Assigned task
From the line containing "Etiquetas de perro" through the last line of the entries below, print each line exactly. Pictures stay out.

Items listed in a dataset
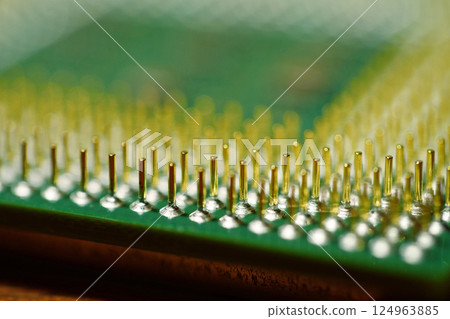 Central Processing Unit, CPU. Microcircuit chip with electronic components 124963885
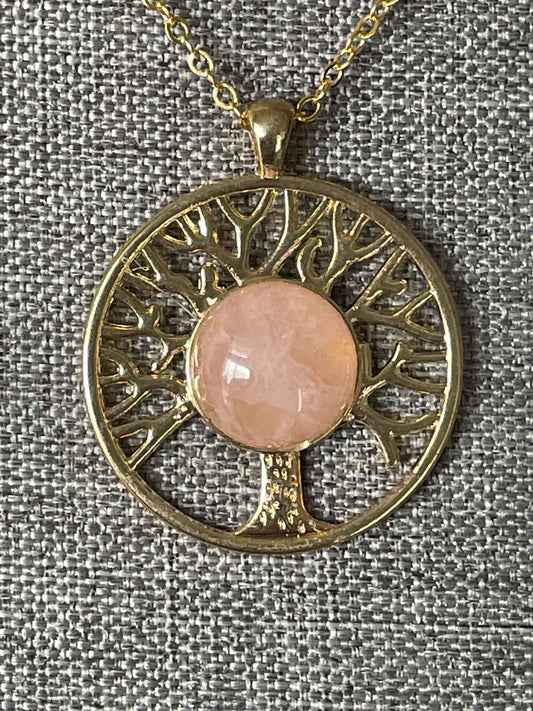 Rose Quartz x Gold x Tree of Life Pendant Necklace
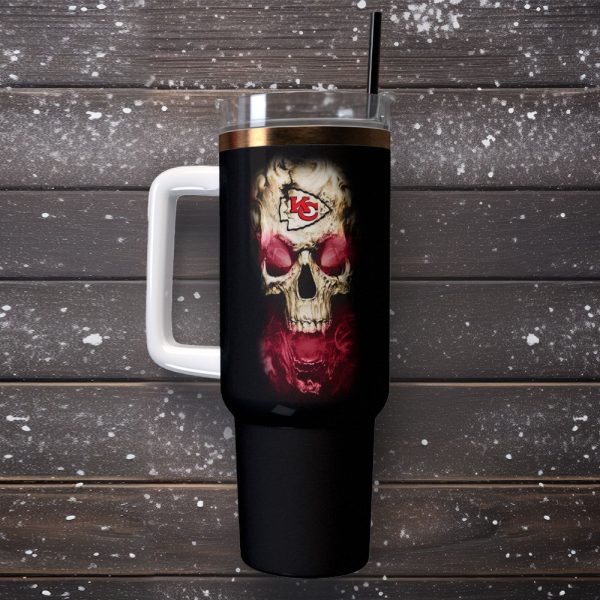 Kansas City Chiefs NFL Sports X Skull Custom Stanley Quencher 30oz-40oz Stainless Steel Tumbler Hot And Cold Tumbler - Image 2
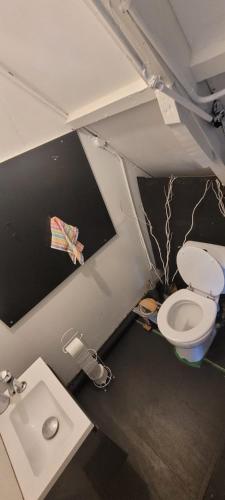 a small bathroom with a toilet and a sink at townhouse at the city in Enschede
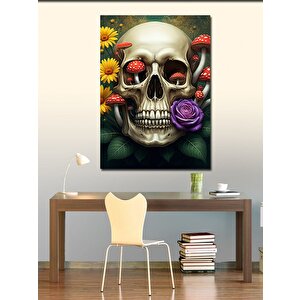 Kanvas Tablo Çiçekli Kafatası 100x140 cm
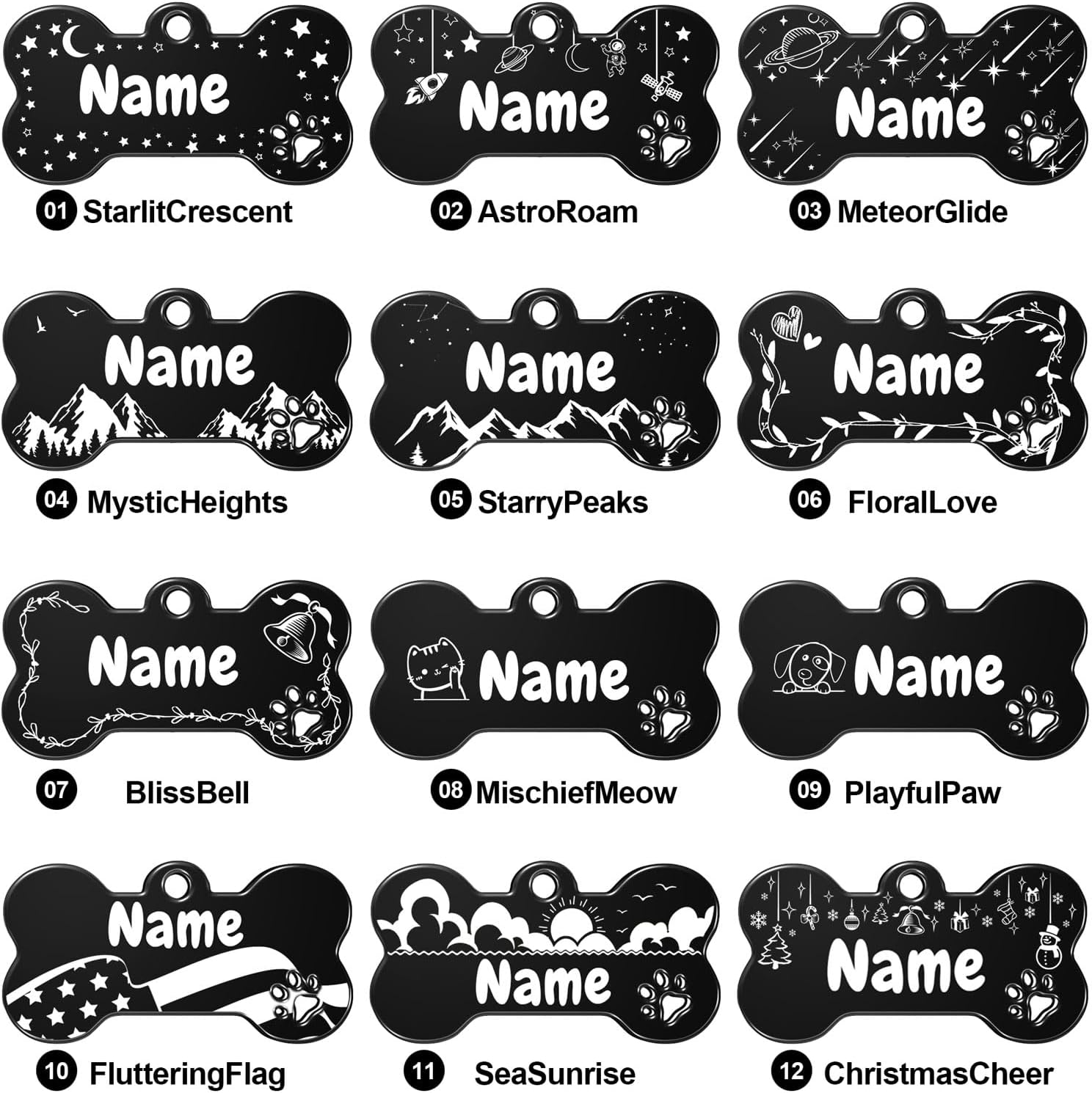Etiquetas de perro personalizadas grabadas para mascotas  Etiquetas de identificación de gato y perro de acero inoxidable duraderas para collar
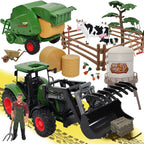 Peagprav Juego de juguetes de tractor de granja, empacadora redonda...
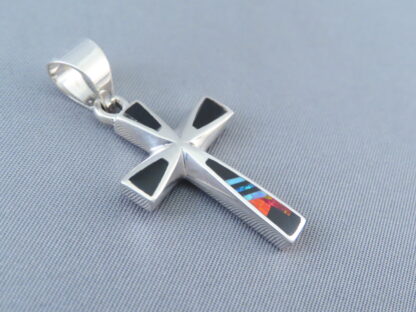 Cross Pendant with Opal & Black Jade Inlay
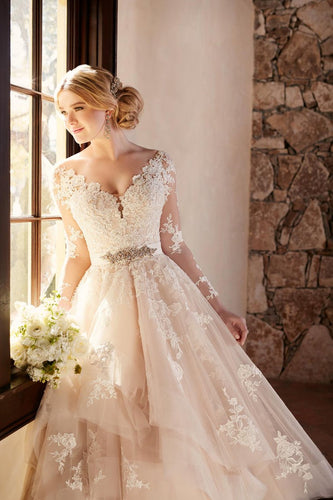 2023 New Arrival V Neck Long Sleeves Tulle With Applique Wedding Dresses A Line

Written response
Etiquetas de perro personalizadas grabadas para mascotas  Etiquetas de identificación de gato y perro de acero inoxidable duraderas para collar
 Peagprav Juego de juguetes de tractor de granja, empacadora redonda...
 Cross Pendant with Opal & Black Jade Inlay
 2023 New Arrival V Neck Long Sleeves Tulle With Applique Wedding Dresses A Line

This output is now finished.